I worked for the state once and the number of times I had to put my foot down for security was appalling. We're talking like getting web services updated to use basic password auth could take months and I'd be pressured by management to ignore it because some asshat using the service doesn't want to update their 30 year old batch file to deal with auth. Other people would regularly push things that could easily expose thousands of people's identifying info just to get management off their backs. A couple projects I think I was specifically kept away from because they were "mission critical" and they didn't want me slowing it down with trivial stuff like not leaking unencrypted databases...
“Looks like there's a broken link on this page. No problem, we can get that fixed up in a day or two after we tackle the 32 vulnerabilities that cropped up since the last time we changed that page."
That is something I just don't get. I'm a hobbyist turned pro turned hobbyist. The only people who I ever offered my services to were either after one of my very narrow specialties where I was actually an expert or literally could not afford a "real" programmer.
I never found proper security to have any impact on my productivity. Even going back to my peak years in the first decade of this century, there was so much easily accessible information, so many good tutorials, and so many good products that even my prototypes incorporated the basics:
Encrypt the data at rest
Encrypt the data in transit
No shared accounts at any level of access
Full logging of access and activity.
Before rollout, back up and recovery procedures had to be demonstrated effective and fully documented.
Edited to add:
It's like safety in the workplace. If it's always an add-on, it will always be of limited effectiveness and reduce productivity. If it's built in to the process from the ground up, it's extremely effective and those doing things unsafely will be the productivity drain.
Dependencies, scope creep, feature creep, off by one errors, misconfiguration, unclear/unenforced contracts/invariants... Most of those are trivial to solve at small scale, but the more moving parts you have, the more complex it becomes
Why is it that security guys always think their issues are more important than any other issues?
Like well done you, you ran an automated tool over the codebase and it picked up some outdated dependencies.
We cant just update these dependencies because the newer versions have breaking changes and we already have a backlog of 32767 issues to deal with.
It's not security debt, it's just general technical debt.
Why is the issue that is only exploitable in a contorted scenario where the user has broken out of a VM and gained root on the hypervisor more important than the issue preventing our largest customer from tripling their volume on our platform?
Not to mention the joke that's been made of the CVE system due to resume padding by the security industry...

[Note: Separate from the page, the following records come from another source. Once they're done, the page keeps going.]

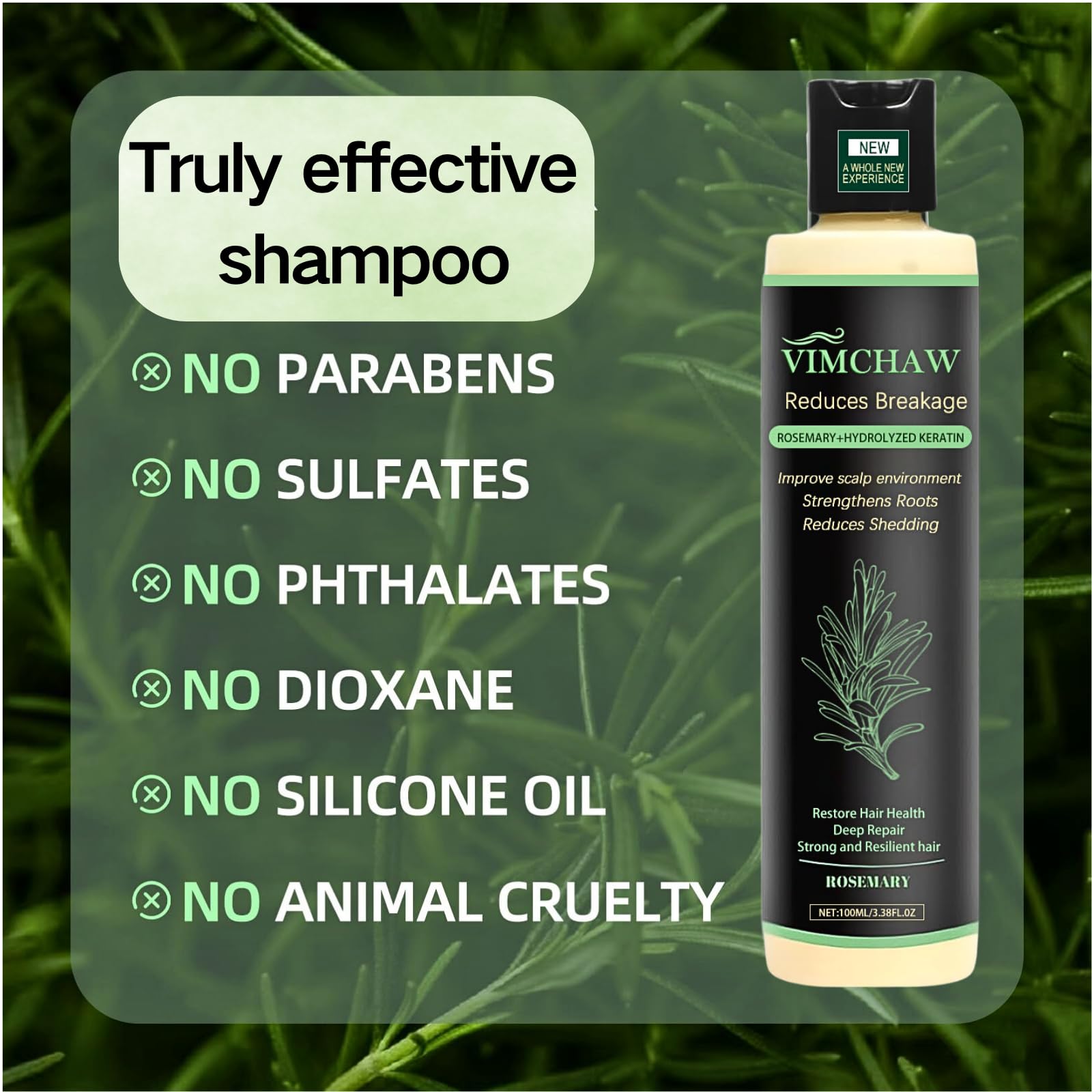 Organic Rosemary Hair Growth Shampoo for Thinning Hair & Hair Loss – Thickening & Strengthening Formula with Hydrolyzed Keratin (2-Pcs)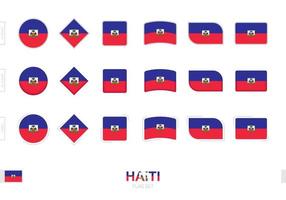 Haïti-vlaggenset, eenvoudige vlaggen van Haïti met drie verschillende effecten. vector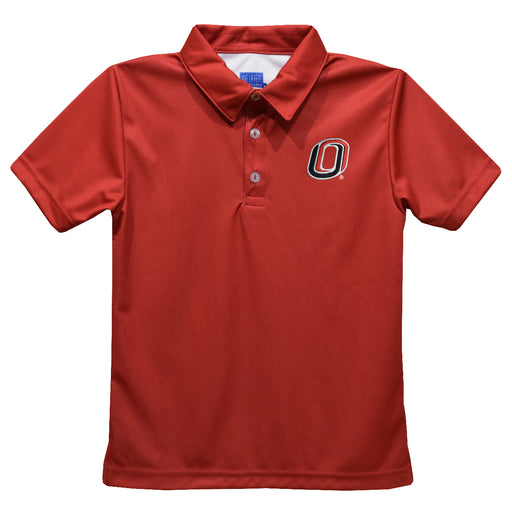 Omaha Mavericks Embroidered Red Short Sleeve Polo Box Shirt
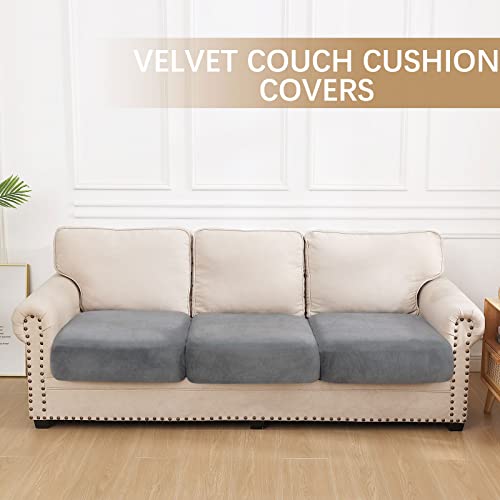 Hyha Velvet Stretch Couch Cushion Covers, Replacement Sofa/Chair Cushion Covers, Soft Sofa/Couch Seat Covers, Individual Couch Cushion Covers For Sectional Sofa (3 Packs, Grey) #TOP4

Generally a regular issue is much less likely to get you hacked.
Security issues often come with legal liability which is why a bad security department will act overly important and stomp around demanding changes be made right the fuck now.
But I do get it, a good security team should be enabling their dev teams to solve issues in the least disruptive way possible, not just thrown them work and barking orders.
In some places I have worked, the sec teans will find an issue and push PRs to fix them, explaining the security concern, and requesting only a review and merge.